■ ASSIGNMENT
Word for word, restate the lines from the one containing "Evil Eye Mosaic" through the last line of the material, and include no pictures.

■ DATA BLOCK

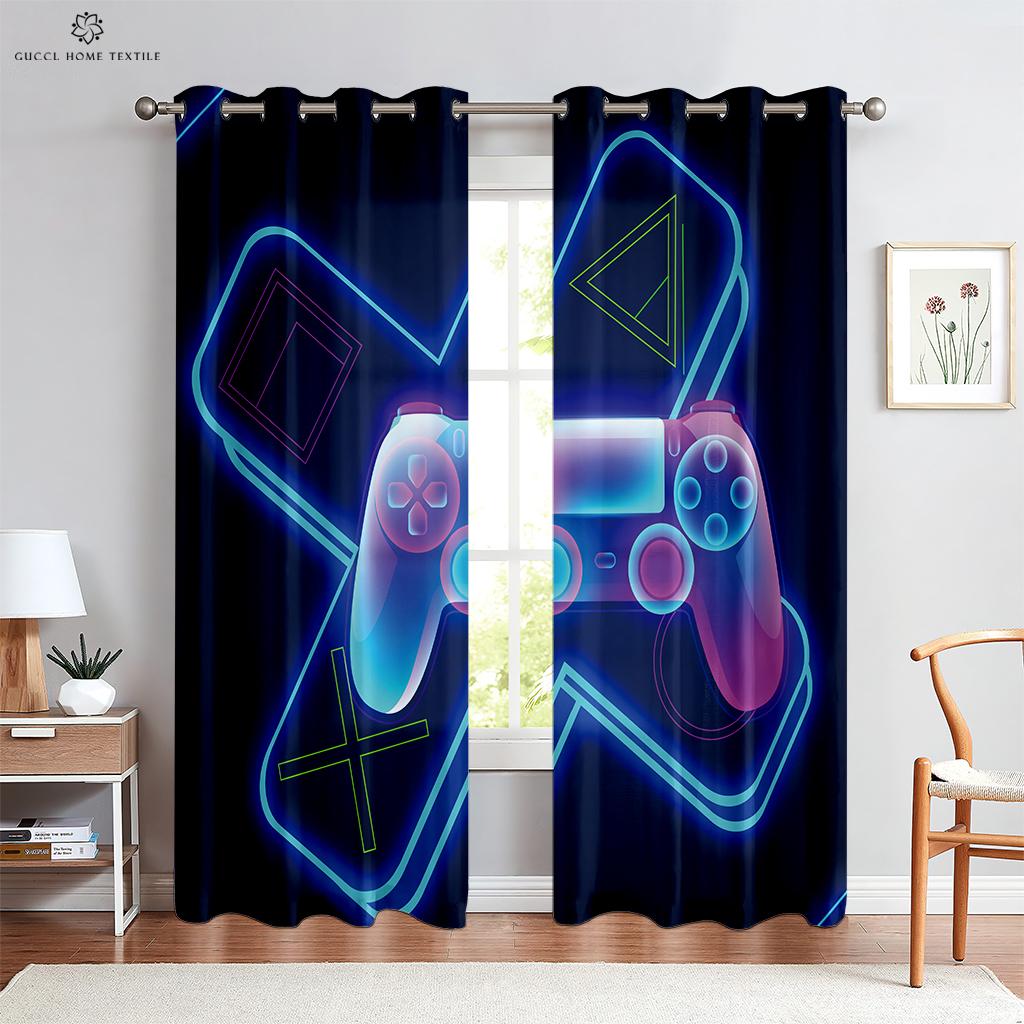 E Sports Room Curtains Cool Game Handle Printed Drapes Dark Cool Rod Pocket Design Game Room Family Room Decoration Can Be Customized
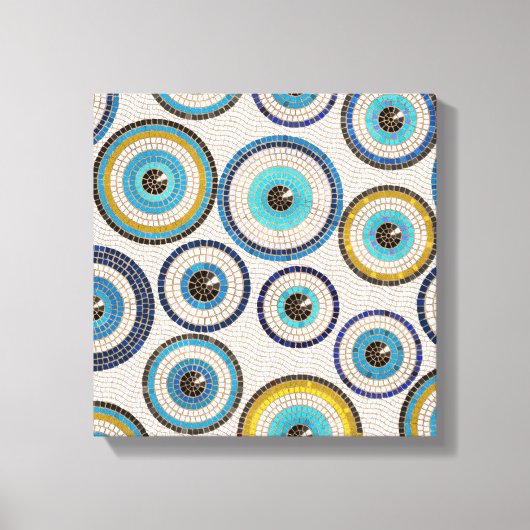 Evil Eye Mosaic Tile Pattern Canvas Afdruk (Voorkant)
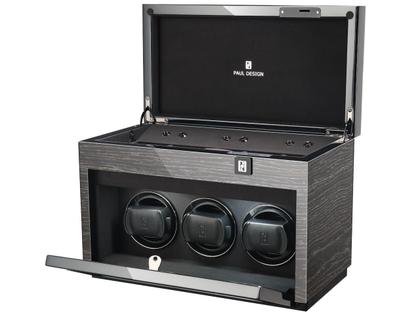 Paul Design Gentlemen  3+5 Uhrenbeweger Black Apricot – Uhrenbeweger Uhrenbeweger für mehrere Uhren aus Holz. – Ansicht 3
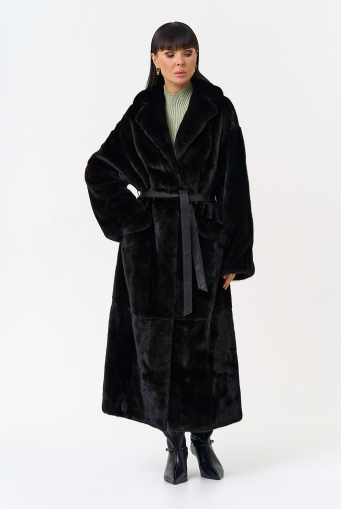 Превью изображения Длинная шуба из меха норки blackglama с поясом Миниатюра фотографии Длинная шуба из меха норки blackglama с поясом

■ TASK RESPONSE
 Evil Eye Mosaic Tile Pattern Canvas Afdruk (Voorkant)
 Paul Design Gentlemen  3+5 Uhrenbeweger Black Apricot – Uhrenbeweger Uhrenbeweger für mehrere Uhren aus Holz. – Ansicht 3
 Превью изображения Длинная шуба из меха норки blackglama с поясом Миниатюра фотографии Длинная шуба из меха норки blackglama с поясом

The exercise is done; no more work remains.